▶ _What to produce_:
For this listing, reproduce the line with "two people walking by sforzesco castle", the line with "Smiling couple using their smartphones Smiling", and the lines between, exactly as they stand. Leave out pictures and all other lines.

▶ _Records shown_:
++++++

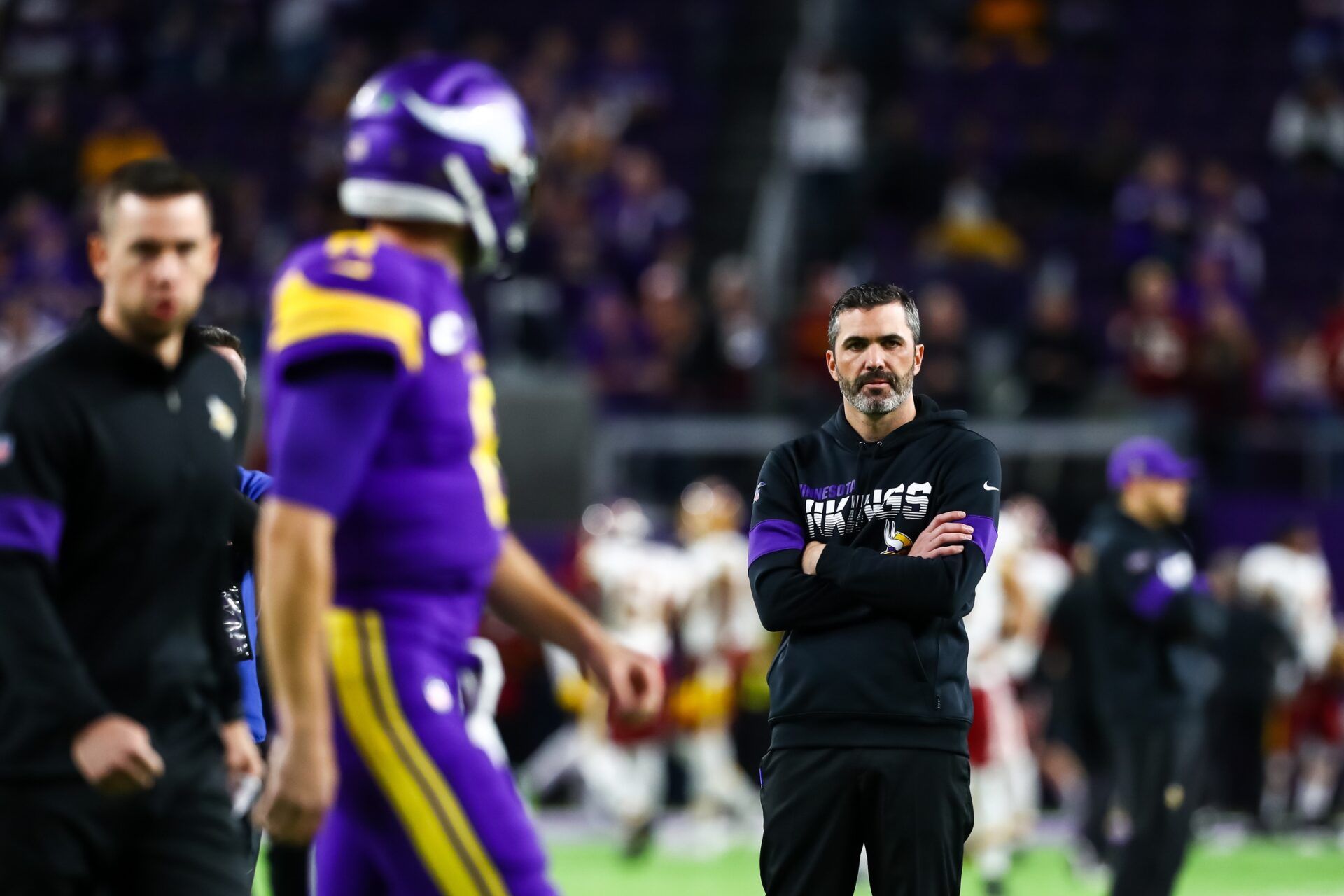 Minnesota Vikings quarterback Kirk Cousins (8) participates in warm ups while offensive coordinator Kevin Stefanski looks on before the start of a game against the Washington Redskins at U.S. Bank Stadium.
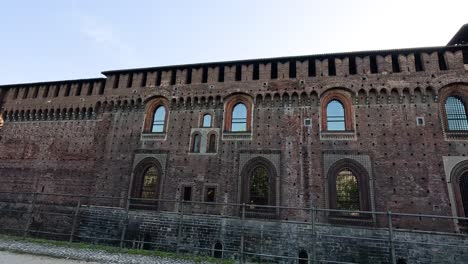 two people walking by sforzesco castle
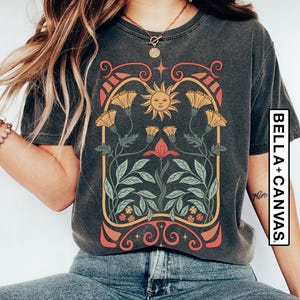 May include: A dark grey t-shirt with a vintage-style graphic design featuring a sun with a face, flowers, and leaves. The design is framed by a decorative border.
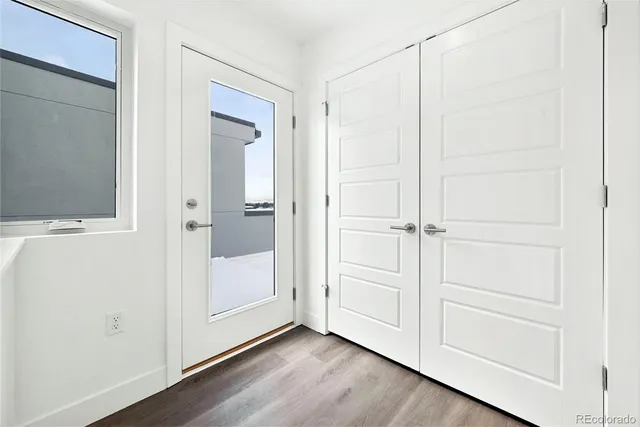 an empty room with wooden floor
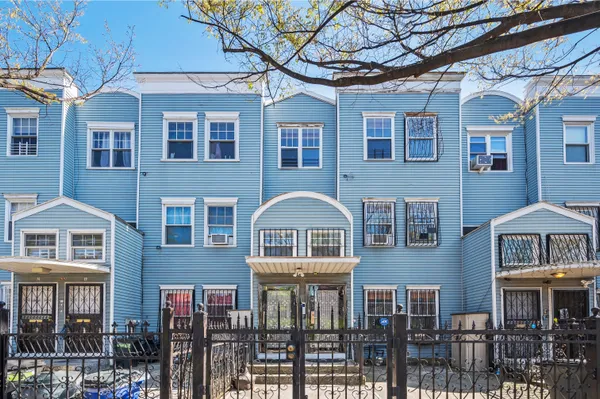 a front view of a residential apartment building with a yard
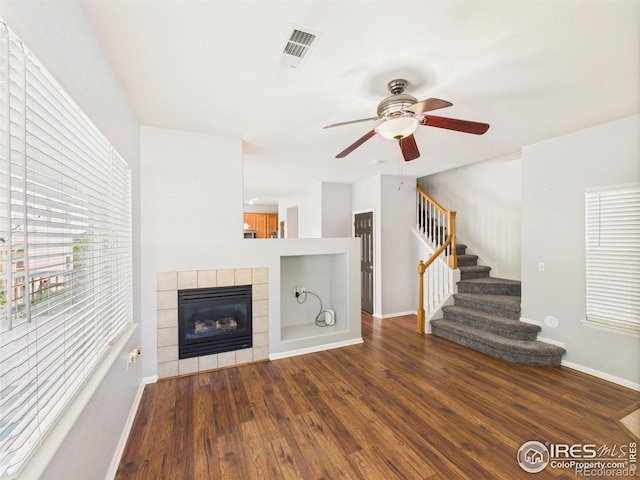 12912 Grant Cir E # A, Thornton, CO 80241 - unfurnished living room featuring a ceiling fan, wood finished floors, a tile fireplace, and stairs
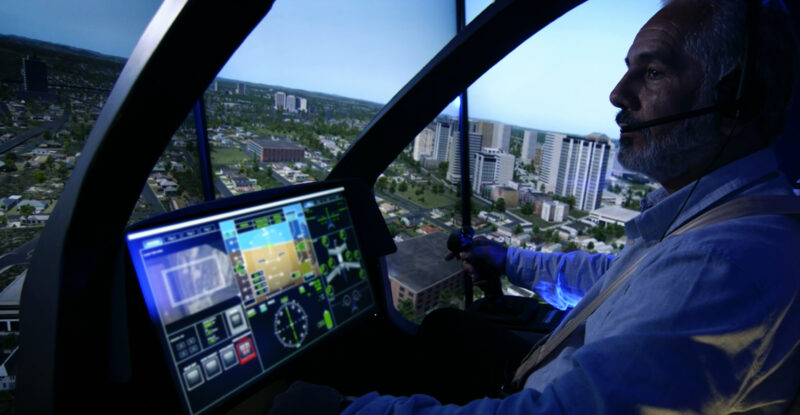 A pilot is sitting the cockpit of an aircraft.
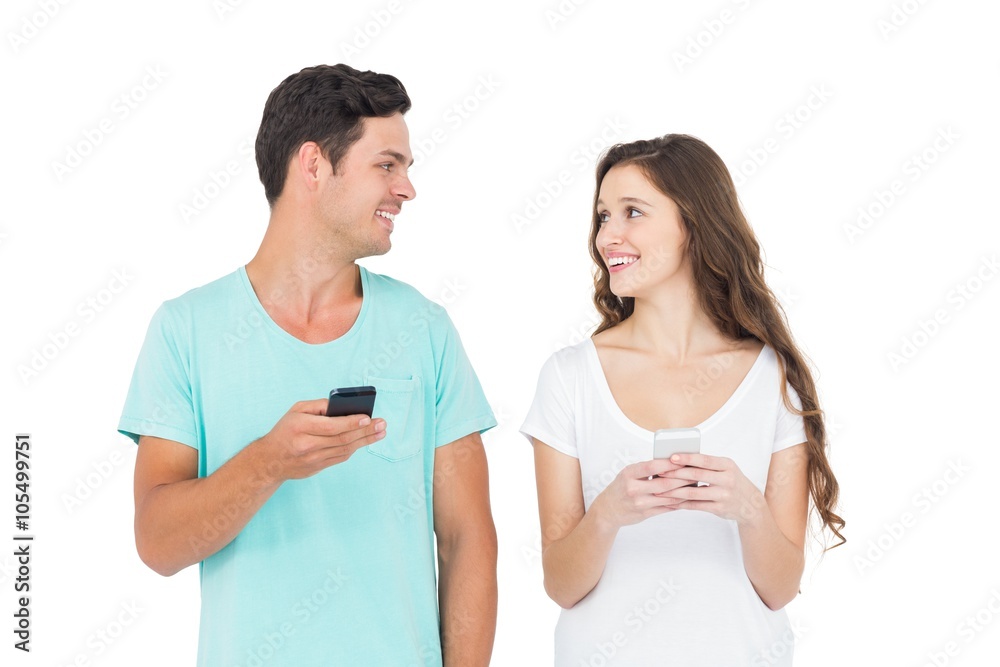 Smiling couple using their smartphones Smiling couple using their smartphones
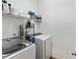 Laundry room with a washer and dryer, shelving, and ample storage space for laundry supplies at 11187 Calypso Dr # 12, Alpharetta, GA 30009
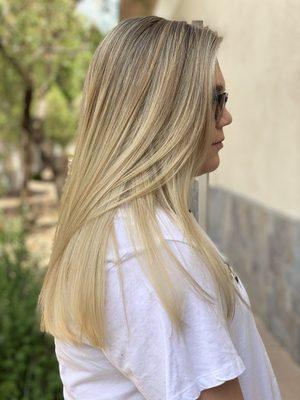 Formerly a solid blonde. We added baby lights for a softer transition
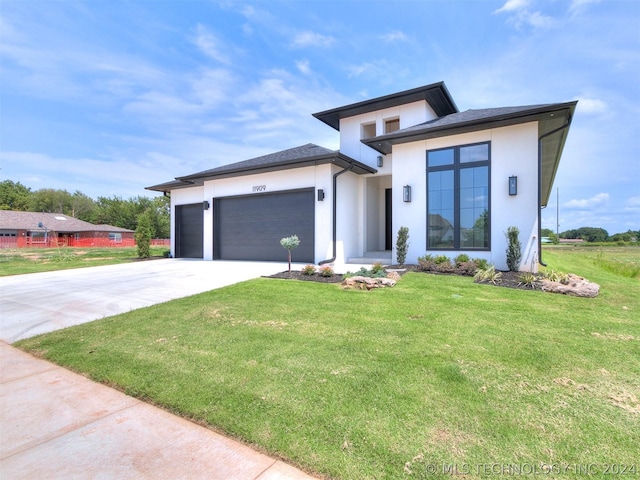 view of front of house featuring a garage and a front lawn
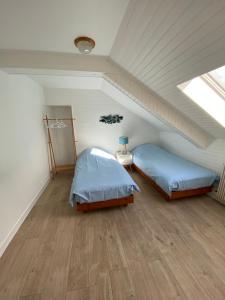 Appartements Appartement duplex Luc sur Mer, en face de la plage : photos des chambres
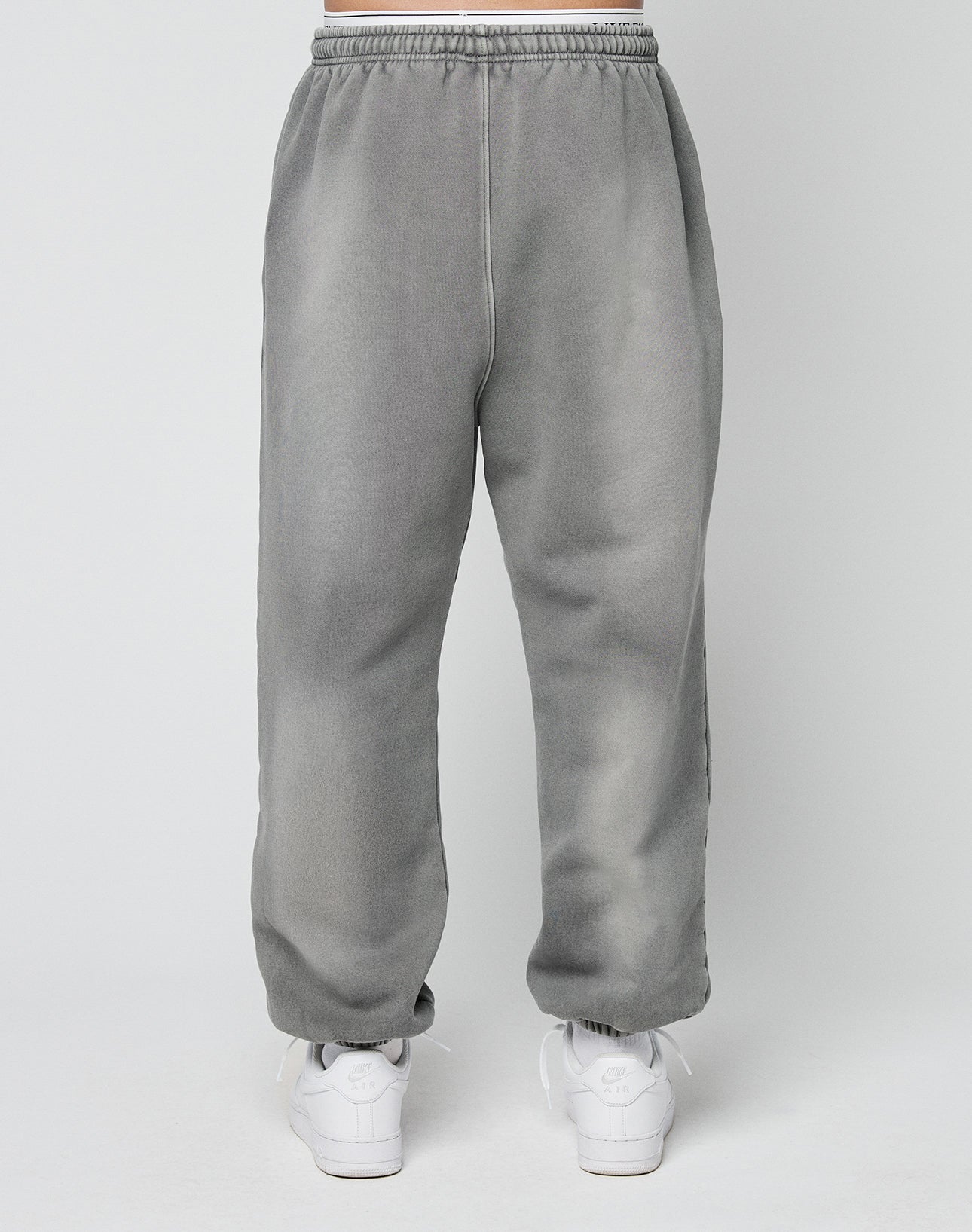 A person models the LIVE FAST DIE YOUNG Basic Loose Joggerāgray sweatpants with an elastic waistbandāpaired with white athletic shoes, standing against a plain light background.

++++++

▶ _Response for this exercise_:
 two people walking by sforzesco castle
 May include: A dark grey t-shirt with a vintage-style graphic design featuring a sun with a face, flowers, and leaves. The design is framed by a decorative border.
 an empty room with wooden floor
 a front view of a residential apartment building with a yard
 12912 Grant Cir E # A, Thornton, CO 80241 - unfurnished living room featuring a ceiling fan, wood finished floors, a tile fireplace, and stairs
 A pilot is sitting the cockpit of an aircraft.
 Smiling couple using their smartphones Smiling couple using their smartphones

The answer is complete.